Dua nama itu merupakan mantan pemain Premier League, yakni Ian Maatsen dan Jairo Riedewald.
Dilansir dari Jawapos Radar Banyuwangi, Kedua pemain ini dikabarkan resmi menjalani proses naturalisasi menjadi Warga Negara Indonesia (WNI).
Ian Maatsen kini berusia 23 tahun. Pemain kelahiran Belanda ini berposisi sebagai bek kiri atau winger.
Terakhir, ia membela Chelsea. Kecepatannya dalam mengover sisi lapangan dan akurasi umpan silangnya jadi senjata utama.
Sementara Jairo Riedewald, 28 tahun, lebih senior. Eks gelandang bertahan dan bek tengah Timnas Belanda serta Crystal Palace ini baru saja menyelesaikan masa kontraknya dengan Royal Antwerp di Liga Belgia.
Kabarnya, ia bakal merapat ke FC Utrecht di Eredivisie.
Keduanya diketahui memiliki darah Indonesia dari garis keturunan kakek-nenek. Inilah yang membuka jalan naturalisasi mereka secara legal.
Disamping kabar ini, tagar #MaatsenWNI dan #JairoGaruda langsung trending di berbagai platform media sosial.
Unggahan Instagram story milik keduanya juga menjadi pemicunya. Pasalnya, dalam unggahan itu, mereka memperlihatkan dokumen naturalisasi yang diyakini telah diteken pada 27 Juni 2025 lalu.
Meski demikian, hingga saat ini belum ada pernyataan resmi dari Ketua Umum PSSI Erick Thohir.
Disamping itu, Erick Thohir disebut tengah melakukan langkah senyap sebagai strategi percepatan.
“Ini bukan jalan pintas. Ini strategi percepatan. Pembinaan tetap jalan, tapi prestasi juga harus hadir sekarang,” tegas Erick.

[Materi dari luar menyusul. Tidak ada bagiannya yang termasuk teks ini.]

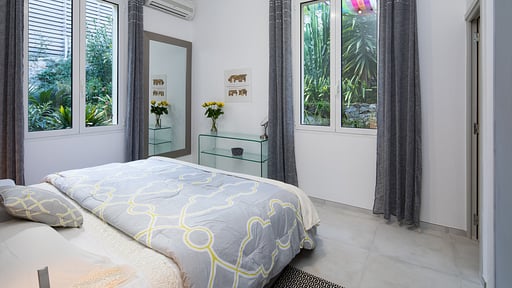 Villa Panorama Slaapkamer 4
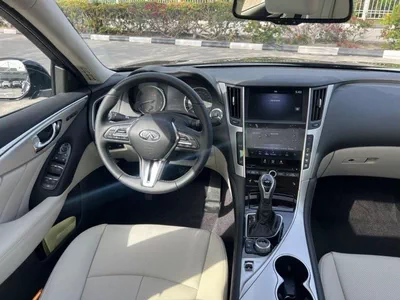 Infiniti Q50 Luxe 3.0L-14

Menariknya, bukan hanya Maatsen dan Jairo. PSSI juga sedang mengebut proses naturalisasi untuk tiga nama potensial lain: Mitchel Bakker (eks PSG dan Bayer Leverkusen), Mauro Zijlstra (striker FC Volendam), dan Miliano Jonathans (winger FC Utrecht).
Langkah ini dianggap sebagai bentuk keseriusan PSSI dalam menghadapi putaran keempat Kualifikasi Piala Dunia 2026 zona Asia, yang undian grupnya akan digelar 17 Juli mendatang di Kuala Lumpur.